Andrews Hunt photoThe gap between thinkers and doers is sometimes a wide one.

If philosophers are the thinkers and physicians are the doers, can their polarized positions meld to produce a thinking doer? More practically, can medical educators aided by humanists, produce a physician who treats more than the disease -- one who treats the whole person?

This is the crux of a new program on medical humanities, headed by MSU’s long time Dean of the College of Human Medicine, Andrew Hunt.

Officially approved by the Board of Trustees in September, the fledgling formal program is based on an approach to medical education that has been in the informal seminar-discussion-study stage at the University for several years.

Its proponents believe that medicine is one of the humanities. In a small, but growing national trend, educators are beginning to look at the totality of the education a medical doctor receives and the subtleties that should be included in that education.

MSU’s earliest plans for the College of Human Medicine emphasized a multidisciplinary approach to medical education, the core on which the new program is based. Hunt calls the interdisciplinary effort “an almost characteristic Michigan State way. At Michigan State,” he says, “we have fairly low department barriers -- a long history of easy collaboration.”

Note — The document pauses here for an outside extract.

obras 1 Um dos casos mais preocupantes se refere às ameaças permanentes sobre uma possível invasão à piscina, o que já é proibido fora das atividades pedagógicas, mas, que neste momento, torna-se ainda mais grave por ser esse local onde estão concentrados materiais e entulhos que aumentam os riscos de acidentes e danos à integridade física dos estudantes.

But Hunt himself confesses a little surprise at the early innovative plans. “They were talking about utilizing the existing departments of anatomy, physiology and biochemistry which were already here for vet medicine,” Hunt says, explaining that medical schools normally have their own departments in these areas.

“This was very innovative at the time,” he continues. “Actually, it was a little scarey because it was so new, but President Hannah was very dynamic and compelling -- and it was going to work.”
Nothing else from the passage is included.